There is no clearer summation of Jesus’ teaching in John 12:24-26 than the teaching of the Apostle Paul recorded in Romans 8. Paul taught that as God’s children, we are “heirs of God and fellow heirs with Christ, if indeed we suffer with Him so that we may also be glorified with Him.” (Romans 8:17, emphasis added).
God has ordained that every one of His children must follow His Son and be where He was (again John 12:26), in that we must, and we will indeed “suffer with Him”, or share in His sufferings, in order that we may also share in His eternal glory. With this teaching, given to us first by Jesus and then affirmed by Paul and other New Testament authors as well, we are given the reason for many of the sufferings, afflictions, losses, and troubles that come into our lives as believers, even as we walk in obedience to the word of God.
As young believers, many of us imagine that once we turn from what the Bible tells us is sin that our life will become much easier, and we will obtain release from many of our difficulties. We may also imagine that God will then “bless” us with many of the things that we desire for ourselves in this life.
Obedience to God’s word will eliminate the suffering brought about by the consequences of sin. However at the same time, we can see from John 12:24-26 and Romans 8:17 that God has ordained that every believer must follow Jesus, experiencing in some measure a share in His sufferings.
Though we may not understand it, and we will surely not like it, the Scriptures reveal to us that this is the path that God has chosen through which every believer will bear fruit, and thereby share in Christ’s eternal glory.
The death of the grain of wheat that Jesus spoke about in John 12:24 is the death, or relinquishing, of our own hopes, dreams, aspirations, plans and desires for our lives, and the acceptance of that which God chooses for us.
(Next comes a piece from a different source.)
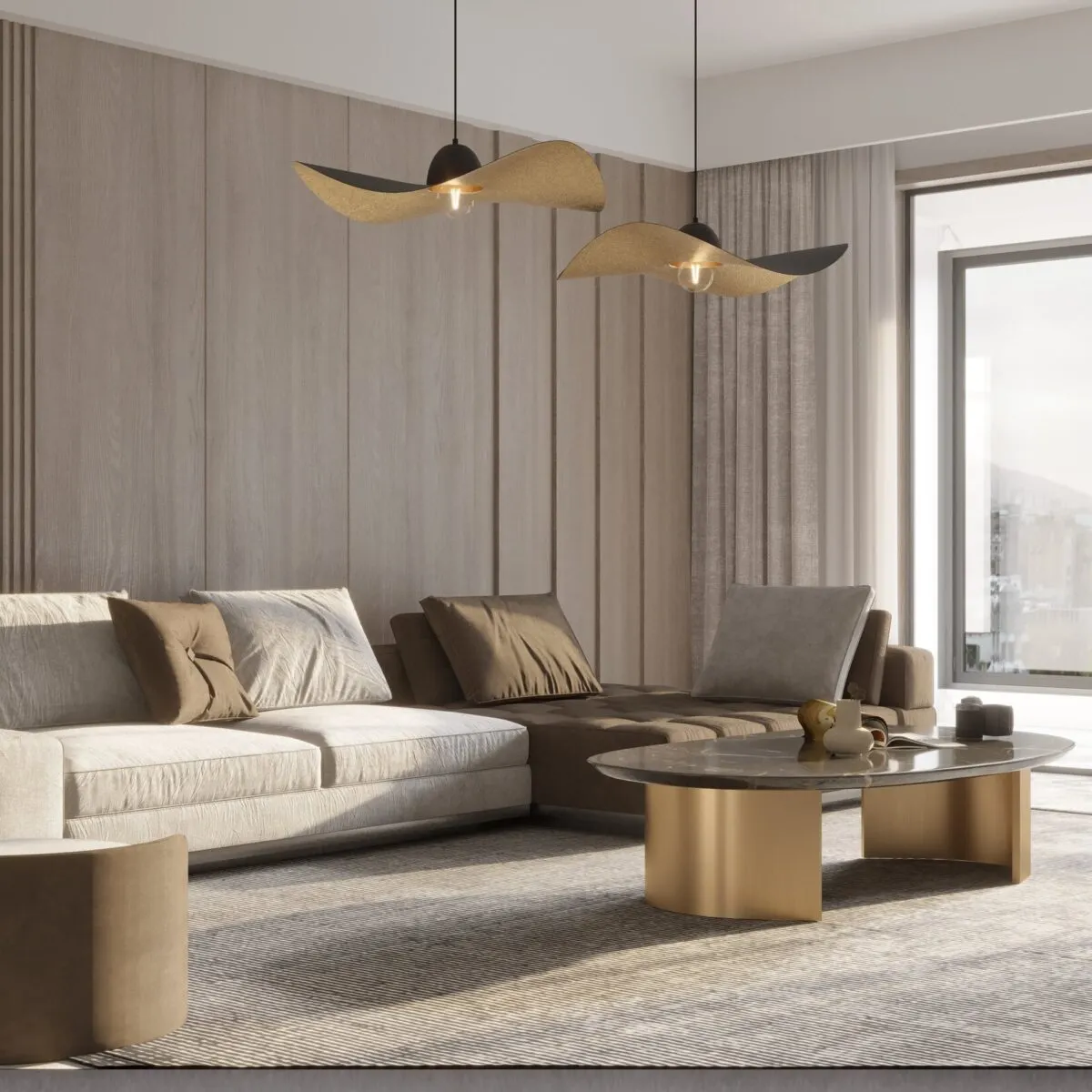 Lampa wisząca KAPELLO L czarno-złota - SI_32340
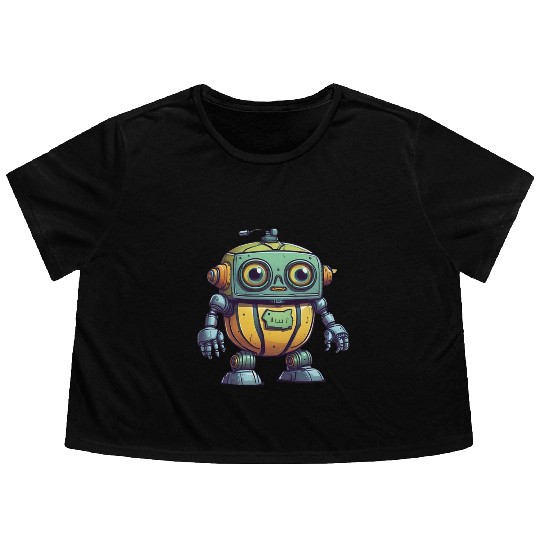 Robot Melon Flowy Cropped Tees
It is being willing to do without anything that God may choose to withhold from us and anything that He may choose to take from us.
With this death to our own will and desires, we are called upon to
accept God’s will for our lives as Jesus did when He prayed to the Father:
“Yet not as I will, but as you will”. Through our obedient submission to the word of God and the sovereign will of God for our lives, we will experience reflections of Christ’s sufferings in our own lives, “becoming like him in his death” as Paul wrote in Philippians 3:10. God our Father has ordained just what these sufferings will be for each of us, and to what extent we will share in the sufferings of His Son Jesus Christ during our present lives.